(MATERIAL PROVIDED Opens)
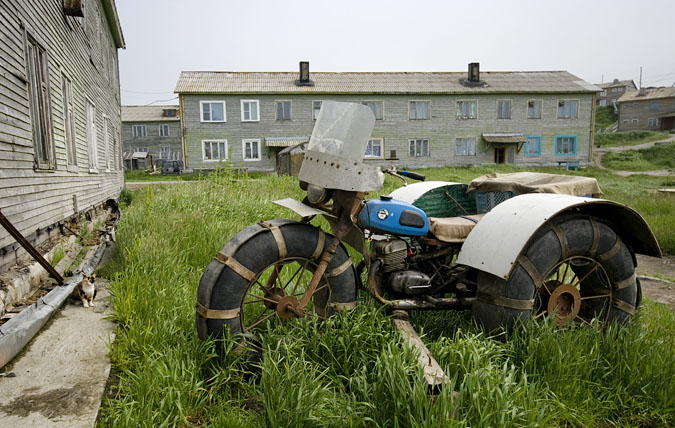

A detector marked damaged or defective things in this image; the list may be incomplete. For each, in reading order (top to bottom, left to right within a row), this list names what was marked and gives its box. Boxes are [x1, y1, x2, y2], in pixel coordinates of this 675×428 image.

rusty metal bracket [0, 210, 63, 286]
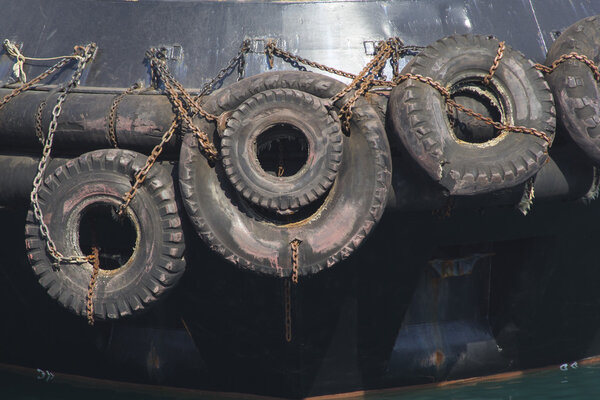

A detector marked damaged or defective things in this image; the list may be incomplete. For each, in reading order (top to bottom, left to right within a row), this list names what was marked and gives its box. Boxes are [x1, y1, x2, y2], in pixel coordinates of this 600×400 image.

corroded chain link [30, 43, 98, 266]
rusty chain [30, 42, 98, 268]
tire with rust stains [24, 148, 185, 320]
corroded chain link [106, 82, 142, 148]
rusty chain [106, 82, 142, 148]
corroded chain link [118, 119, 178, 216]
tire with rust stains [220, 86, 342, 212]
tire with rust stains [180, 72, 392, 276]
tire with rust stains [386, 35, 556, 195]
corroded chain link [482, 41, 506, 85]
rusty chain [482, 41, 506, 85]
corroded chain link [536, 52, 600, 82]
tire with rust stains [548, 14, 600, 163]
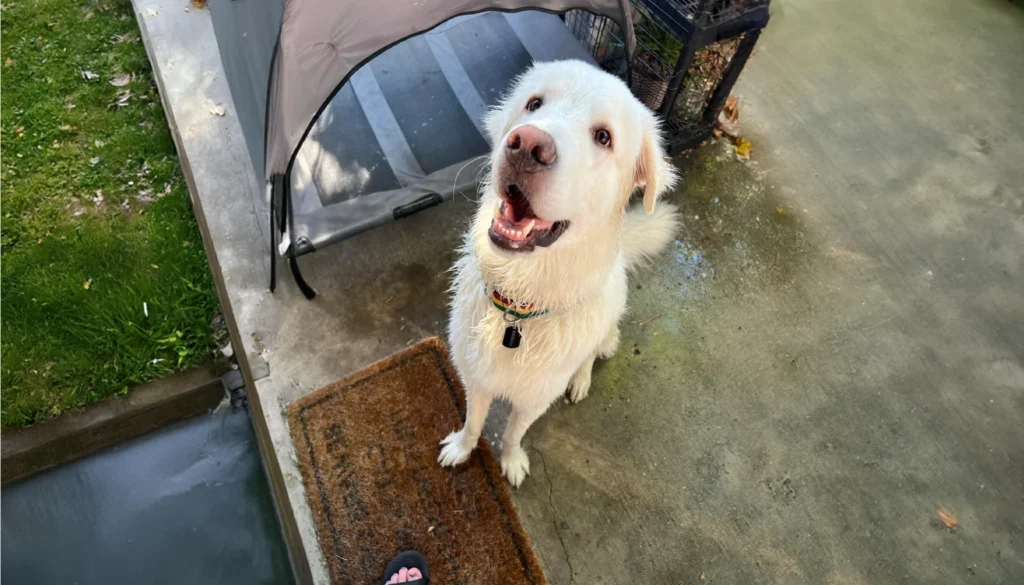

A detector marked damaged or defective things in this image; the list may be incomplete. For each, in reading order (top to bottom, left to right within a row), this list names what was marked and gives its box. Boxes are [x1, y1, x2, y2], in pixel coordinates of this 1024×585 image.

crack in concrete [528, 444, 577, 585]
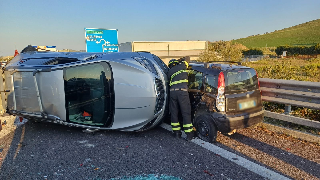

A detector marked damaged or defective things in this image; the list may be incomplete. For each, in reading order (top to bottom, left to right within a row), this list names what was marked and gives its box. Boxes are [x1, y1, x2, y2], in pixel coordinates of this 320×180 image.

overturned silver car [3, 51, 169, 131]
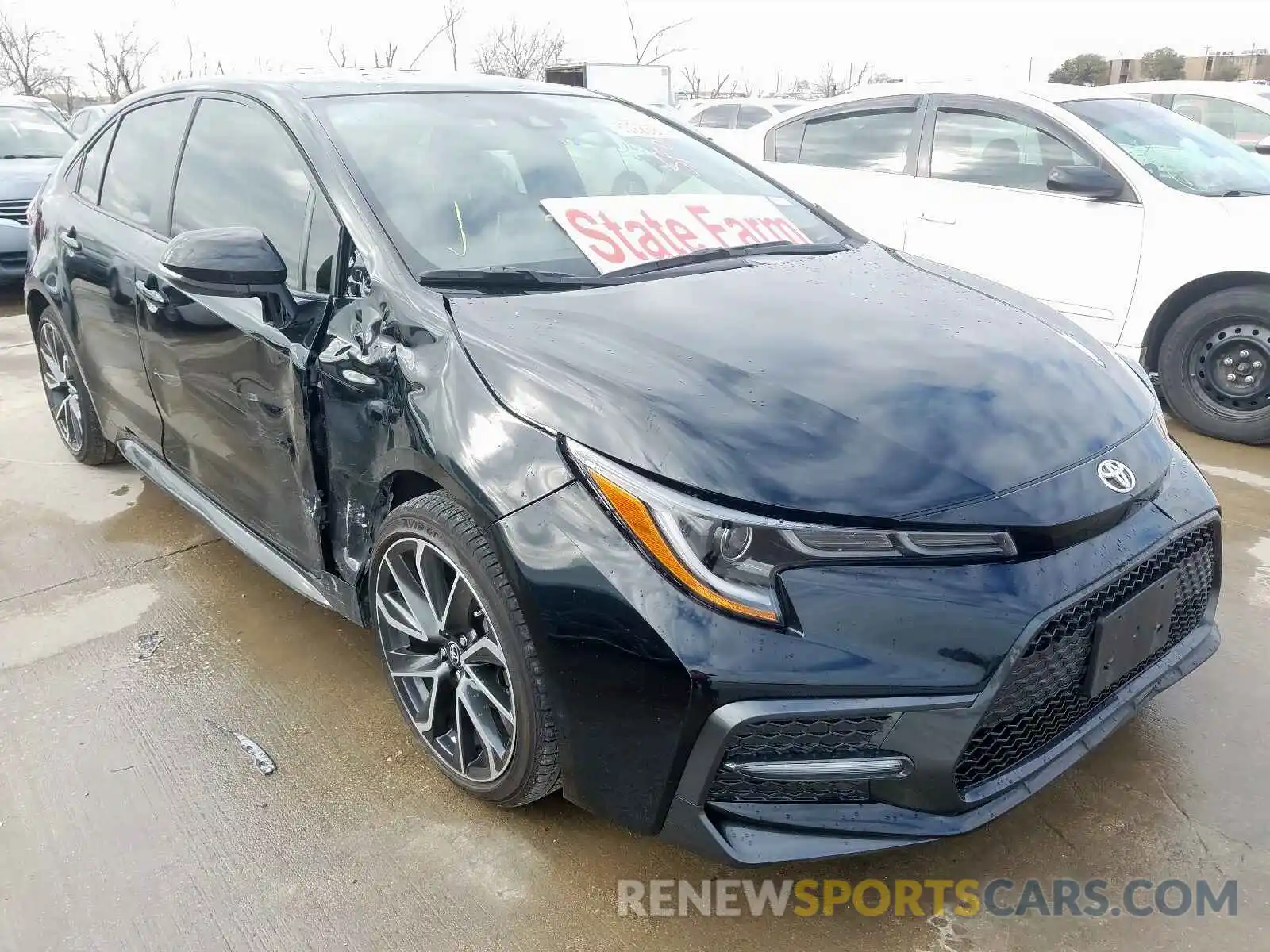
(MATERIAL PROVIDED Closes)
_WORK TO BE COMPLETED:_ Each line from the one that holds "this 320×180 image." through the final line of the data must be retyped exactly; the pictures must not appear.

_TASK RESPONSE:_
A detector marked damaged or defective things in this image; the list may be incomplete. For each, in reading order (top to bottom, left to right within a row), this list names what was marked and gives its box. Boxes are [x1, y1, x2, y2], in pixel coordinates of this 320×180 image.

overturned silver car [3, 51, 169, 131]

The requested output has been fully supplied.